Dalam hidup, aku selalu memikirkan akan bagaimana masa depanku nanti. Apakah setelah tamat dari kampus ini, aku akan segera mendapatkan pekerjaan? Di manakah aku akan bekerja? Dan untuk siapakah aku akan bekerja? Dan berapakah gajiku pada saat aku bekerja? Apakah orang-orang akan menghargai pekerjaanku dan mendapatkan pujian dari atasan? Seorang guru. Itulah yang akan menjadi gelarku setelah tamat dari kampus ini. 4 tahun sudah aku menamatkan pendidikan di salah satu Universitas di Jogja. Dan sekarang, bagaimanakah dan dimanakah aku akan bekerja?

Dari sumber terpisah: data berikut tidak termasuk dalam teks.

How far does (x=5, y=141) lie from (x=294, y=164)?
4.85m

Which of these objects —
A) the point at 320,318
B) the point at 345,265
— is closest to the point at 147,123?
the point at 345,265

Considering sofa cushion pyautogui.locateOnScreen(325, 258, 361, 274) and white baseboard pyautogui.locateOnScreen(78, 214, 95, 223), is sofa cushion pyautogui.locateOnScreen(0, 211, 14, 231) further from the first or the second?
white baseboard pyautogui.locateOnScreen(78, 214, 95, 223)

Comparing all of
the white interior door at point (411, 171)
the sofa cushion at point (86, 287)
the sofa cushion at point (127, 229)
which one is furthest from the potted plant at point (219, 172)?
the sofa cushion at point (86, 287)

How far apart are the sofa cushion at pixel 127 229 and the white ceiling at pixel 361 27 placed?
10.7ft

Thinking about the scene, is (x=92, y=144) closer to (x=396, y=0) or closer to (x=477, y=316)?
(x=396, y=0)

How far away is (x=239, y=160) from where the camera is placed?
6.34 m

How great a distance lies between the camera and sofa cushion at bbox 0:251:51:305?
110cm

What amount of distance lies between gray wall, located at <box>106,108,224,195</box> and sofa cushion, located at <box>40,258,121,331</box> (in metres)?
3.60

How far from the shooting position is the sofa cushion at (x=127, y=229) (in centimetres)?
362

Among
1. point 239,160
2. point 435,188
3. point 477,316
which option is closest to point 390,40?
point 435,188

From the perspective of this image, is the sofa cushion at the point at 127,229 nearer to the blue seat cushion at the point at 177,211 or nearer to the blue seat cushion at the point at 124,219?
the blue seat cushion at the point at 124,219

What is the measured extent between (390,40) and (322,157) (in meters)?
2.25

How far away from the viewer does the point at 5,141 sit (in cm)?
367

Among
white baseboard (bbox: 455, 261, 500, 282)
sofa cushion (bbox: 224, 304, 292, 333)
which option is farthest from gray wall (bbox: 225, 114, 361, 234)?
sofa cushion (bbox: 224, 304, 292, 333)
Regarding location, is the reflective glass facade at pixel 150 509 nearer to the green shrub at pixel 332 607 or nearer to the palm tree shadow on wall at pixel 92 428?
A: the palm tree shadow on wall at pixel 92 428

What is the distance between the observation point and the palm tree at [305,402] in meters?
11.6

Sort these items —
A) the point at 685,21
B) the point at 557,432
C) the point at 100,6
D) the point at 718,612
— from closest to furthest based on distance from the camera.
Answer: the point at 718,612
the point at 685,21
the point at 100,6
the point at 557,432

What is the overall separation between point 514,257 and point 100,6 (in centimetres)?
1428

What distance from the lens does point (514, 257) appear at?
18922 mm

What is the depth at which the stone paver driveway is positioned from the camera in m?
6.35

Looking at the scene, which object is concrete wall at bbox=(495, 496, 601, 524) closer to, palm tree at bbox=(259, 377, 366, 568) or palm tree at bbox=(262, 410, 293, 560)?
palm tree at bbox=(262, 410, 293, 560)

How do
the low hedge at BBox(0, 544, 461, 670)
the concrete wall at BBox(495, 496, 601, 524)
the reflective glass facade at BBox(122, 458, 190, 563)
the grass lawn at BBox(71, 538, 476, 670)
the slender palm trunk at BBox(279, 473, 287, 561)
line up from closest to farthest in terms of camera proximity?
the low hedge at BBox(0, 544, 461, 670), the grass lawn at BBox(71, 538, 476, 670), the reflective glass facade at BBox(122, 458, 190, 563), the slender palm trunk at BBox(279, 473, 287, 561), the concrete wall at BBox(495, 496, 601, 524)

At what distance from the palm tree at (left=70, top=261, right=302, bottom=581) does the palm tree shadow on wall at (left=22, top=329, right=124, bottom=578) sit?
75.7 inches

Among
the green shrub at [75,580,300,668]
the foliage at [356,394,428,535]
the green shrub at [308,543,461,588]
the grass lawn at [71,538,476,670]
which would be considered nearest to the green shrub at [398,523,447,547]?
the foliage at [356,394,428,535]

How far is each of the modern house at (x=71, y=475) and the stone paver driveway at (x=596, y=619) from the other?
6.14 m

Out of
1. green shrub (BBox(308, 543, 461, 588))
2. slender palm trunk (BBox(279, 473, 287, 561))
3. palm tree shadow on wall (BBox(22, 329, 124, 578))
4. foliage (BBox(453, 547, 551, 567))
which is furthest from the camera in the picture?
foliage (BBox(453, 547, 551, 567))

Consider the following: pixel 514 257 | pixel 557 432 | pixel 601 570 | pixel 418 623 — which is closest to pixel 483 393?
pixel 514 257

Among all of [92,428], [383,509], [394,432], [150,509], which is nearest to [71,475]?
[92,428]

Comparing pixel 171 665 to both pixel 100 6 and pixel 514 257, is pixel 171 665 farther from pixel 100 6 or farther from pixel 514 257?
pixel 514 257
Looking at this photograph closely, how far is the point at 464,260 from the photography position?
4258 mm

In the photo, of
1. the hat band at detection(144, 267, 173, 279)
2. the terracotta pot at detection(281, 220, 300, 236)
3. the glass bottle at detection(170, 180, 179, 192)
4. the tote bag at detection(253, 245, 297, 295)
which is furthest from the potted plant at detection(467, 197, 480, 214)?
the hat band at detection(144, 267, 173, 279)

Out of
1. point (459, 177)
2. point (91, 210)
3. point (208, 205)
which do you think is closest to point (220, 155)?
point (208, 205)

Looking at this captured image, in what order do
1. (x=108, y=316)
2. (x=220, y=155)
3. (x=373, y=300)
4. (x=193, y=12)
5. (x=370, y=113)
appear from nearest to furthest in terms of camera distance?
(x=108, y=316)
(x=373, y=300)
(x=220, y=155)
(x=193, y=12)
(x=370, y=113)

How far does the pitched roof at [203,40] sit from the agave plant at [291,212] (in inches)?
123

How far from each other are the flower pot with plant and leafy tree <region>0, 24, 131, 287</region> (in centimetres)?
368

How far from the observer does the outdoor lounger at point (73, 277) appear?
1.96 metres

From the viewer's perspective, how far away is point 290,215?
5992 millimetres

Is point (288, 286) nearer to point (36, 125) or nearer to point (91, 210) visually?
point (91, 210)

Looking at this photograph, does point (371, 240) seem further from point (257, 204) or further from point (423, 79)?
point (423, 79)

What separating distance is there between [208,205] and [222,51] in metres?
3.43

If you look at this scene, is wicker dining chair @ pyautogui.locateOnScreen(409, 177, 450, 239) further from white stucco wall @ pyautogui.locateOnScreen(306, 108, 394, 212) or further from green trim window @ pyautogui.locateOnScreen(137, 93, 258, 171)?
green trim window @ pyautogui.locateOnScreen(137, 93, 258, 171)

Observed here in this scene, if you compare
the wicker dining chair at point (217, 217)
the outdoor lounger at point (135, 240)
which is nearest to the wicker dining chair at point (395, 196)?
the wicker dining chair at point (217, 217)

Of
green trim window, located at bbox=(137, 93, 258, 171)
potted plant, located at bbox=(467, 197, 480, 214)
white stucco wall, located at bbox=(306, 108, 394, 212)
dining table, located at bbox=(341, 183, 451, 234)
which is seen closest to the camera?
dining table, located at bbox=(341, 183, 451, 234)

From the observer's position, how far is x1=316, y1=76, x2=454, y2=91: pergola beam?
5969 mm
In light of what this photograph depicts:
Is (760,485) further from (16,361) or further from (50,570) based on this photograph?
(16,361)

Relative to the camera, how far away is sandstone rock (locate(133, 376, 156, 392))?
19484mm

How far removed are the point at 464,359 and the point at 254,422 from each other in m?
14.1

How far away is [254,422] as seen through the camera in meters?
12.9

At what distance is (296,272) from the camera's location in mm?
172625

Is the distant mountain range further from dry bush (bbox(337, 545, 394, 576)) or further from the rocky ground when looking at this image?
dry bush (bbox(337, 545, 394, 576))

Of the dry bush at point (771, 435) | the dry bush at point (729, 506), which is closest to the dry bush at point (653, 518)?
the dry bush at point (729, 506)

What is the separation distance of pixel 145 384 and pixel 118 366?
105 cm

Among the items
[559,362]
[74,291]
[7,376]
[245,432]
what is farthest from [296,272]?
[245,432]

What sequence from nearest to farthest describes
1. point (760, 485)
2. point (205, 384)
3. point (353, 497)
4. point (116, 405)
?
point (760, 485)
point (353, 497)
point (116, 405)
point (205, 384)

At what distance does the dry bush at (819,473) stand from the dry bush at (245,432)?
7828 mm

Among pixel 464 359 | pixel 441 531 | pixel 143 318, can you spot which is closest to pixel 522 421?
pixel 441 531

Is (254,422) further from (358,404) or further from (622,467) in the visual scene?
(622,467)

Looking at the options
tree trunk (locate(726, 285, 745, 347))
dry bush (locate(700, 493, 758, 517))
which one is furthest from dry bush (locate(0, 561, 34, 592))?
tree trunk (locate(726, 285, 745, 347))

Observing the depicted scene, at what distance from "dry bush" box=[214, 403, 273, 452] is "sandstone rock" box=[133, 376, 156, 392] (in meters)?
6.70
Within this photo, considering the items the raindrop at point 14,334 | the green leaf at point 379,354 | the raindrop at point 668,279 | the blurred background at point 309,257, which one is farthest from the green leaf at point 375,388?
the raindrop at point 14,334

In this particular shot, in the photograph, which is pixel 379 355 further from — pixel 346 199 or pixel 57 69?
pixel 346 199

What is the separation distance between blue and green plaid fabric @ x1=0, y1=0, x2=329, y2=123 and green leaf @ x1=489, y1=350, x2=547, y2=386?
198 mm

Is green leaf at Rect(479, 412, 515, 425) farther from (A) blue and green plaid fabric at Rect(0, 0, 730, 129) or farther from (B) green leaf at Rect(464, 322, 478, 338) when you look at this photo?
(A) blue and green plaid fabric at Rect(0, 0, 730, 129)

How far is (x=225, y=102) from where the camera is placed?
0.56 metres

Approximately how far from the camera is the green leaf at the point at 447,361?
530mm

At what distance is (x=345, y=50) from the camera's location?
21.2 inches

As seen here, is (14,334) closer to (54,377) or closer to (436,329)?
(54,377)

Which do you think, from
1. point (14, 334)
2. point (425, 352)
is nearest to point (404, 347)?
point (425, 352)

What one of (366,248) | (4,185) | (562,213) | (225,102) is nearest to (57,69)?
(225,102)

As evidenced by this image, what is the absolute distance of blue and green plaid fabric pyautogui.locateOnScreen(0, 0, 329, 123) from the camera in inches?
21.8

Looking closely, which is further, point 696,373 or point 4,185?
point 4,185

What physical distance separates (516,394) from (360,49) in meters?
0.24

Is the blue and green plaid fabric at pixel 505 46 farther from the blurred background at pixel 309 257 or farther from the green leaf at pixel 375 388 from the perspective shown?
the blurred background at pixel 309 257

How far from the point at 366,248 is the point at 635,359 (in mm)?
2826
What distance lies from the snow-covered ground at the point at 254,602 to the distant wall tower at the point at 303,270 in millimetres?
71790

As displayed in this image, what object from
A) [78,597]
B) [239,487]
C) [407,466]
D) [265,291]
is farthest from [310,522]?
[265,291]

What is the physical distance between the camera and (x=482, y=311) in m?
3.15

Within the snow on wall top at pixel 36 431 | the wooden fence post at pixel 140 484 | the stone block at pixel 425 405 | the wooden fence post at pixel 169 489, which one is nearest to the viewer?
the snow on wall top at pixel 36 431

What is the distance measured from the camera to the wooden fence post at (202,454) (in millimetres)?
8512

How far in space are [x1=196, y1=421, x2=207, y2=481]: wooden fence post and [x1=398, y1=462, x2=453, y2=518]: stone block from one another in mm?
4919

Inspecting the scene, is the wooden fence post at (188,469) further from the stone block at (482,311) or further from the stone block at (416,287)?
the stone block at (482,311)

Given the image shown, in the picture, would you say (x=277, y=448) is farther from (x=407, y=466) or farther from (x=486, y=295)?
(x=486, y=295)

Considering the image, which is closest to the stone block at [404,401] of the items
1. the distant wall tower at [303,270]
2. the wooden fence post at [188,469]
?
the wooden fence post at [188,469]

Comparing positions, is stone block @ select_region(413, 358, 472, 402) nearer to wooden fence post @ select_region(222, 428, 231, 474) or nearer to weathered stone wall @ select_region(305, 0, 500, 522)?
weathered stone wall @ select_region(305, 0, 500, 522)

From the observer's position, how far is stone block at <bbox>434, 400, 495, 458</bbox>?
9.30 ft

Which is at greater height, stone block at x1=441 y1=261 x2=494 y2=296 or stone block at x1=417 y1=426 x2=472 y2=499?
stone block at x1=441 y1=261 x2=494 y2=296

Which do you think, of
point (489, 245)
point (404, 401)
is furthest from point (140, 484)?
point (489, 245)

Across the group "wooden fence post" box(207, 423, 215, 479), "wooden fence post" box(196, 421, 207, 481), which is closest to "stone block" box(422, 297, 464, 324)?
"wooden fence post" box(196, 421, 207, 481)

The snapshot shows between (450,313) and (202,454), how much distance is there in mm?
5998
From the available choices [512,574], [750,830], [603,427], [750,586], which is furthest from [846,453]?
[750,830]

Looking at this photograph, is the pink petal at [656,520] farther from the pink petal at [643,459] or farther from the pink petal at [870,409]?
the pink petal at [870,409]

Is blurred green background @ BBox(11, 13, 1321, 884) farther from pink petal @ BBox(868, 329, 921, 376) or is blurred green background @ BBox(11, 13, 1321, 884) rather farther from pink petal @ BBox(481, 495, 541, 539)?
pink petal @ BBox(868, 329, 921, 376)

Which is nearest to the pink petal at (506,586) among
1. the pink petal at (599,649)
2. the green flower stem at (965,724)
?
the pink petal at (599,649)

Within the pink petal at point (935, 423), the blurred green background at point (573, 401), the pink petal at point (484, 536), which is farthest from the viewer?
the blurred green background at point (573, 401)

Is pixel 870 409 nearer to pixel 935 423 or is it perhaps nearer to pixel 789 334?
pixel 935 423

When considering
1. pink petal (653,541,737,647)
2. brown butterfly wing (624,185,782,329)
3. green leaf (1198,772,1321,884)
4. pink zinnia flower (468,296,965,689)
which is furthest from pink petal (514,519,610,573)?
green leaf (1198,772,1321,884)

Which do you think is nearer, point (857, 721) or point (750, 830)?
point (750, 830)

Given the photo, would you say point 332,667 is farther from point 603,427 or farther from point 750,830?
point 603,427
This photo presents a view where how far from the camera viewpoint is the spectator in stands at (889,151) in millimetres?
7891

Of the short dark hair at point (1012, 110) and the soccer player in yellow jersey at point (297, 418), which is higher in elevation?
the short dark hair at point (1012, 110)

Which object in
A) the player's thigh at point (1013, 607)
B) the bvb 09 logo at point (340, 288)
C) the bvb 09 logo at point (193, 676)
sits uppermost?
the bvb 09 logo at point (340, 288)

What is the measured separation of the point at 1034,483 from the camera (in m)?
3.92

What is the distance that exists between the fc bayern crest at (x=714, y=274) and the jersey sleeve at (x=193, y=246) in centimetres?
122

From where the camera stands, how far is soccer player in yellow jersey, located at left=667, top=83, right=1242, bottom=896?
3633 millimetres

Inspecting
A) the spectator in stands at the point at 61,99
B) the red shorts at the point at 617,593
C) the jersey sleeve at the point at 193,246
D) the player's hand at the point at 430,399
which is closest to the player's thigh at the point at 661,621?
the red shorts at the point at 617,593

Namaku Rani Haryani. Aku mempunyai seorang sahabat. Namanya Sarah Kandelia. Dia merupakan sahabat saya yang paling disegani. Selain mata yang sangat indah dan berseri, raut wajahnya juga sangat ramah. Tentu saja, dia pun menamatkan pendidikan di Universitas yang sama, namun ia mendapatkan gelar yang berbeda denganku. Yaitu Psikolog anak. sosok Sarah tidak diragukan lagi, jika ada permasalahan anak yang terjadi di sekitar dia, maka ia tidak segan-segan untuk mendekati anak tersebut dan menyelesaikan pada hari itu juga.
3 bulan sudah, kami berdua belum mendapatkan sebuah pekerjaan yang kami inginkan. Dan pada suatu ketika, Sarah mengajakku ke kampung halamannya di pulau Rote. Sebuah pulau paling selatan di Republik Indonesia ini. Katanya, kami akan berlibur selama 1 minggu. Aku pun sangat antusias dengan ajakan sahabatku itu dan segera menyiapkan diri untuk berangkat. Dia meminta agar dalam 2 hari ini aku harus mempersiapkan barang-barang untuk berangkat ke Rote. Selama 2 hari, aku menyiapkan diri untuk berangkat, bersama-sama dengan Sarah. Waktu itu, aku sempat dilarang oleh orangtuaku untuk ke sana. Mereka pikir, aku ini adalah anak tunggal. Jadi, tentu saja mereka merasa khawatir akan keberadaanku nanti. Tapi, setelah aku membujuk mereka bahwa aku hanya pergi selama 1 minggu, akhirnya mereka pun menyetujuinya dengan syarat bahwa selama di sana, handphone ku harus tetap aktif bagaimanapun caranya.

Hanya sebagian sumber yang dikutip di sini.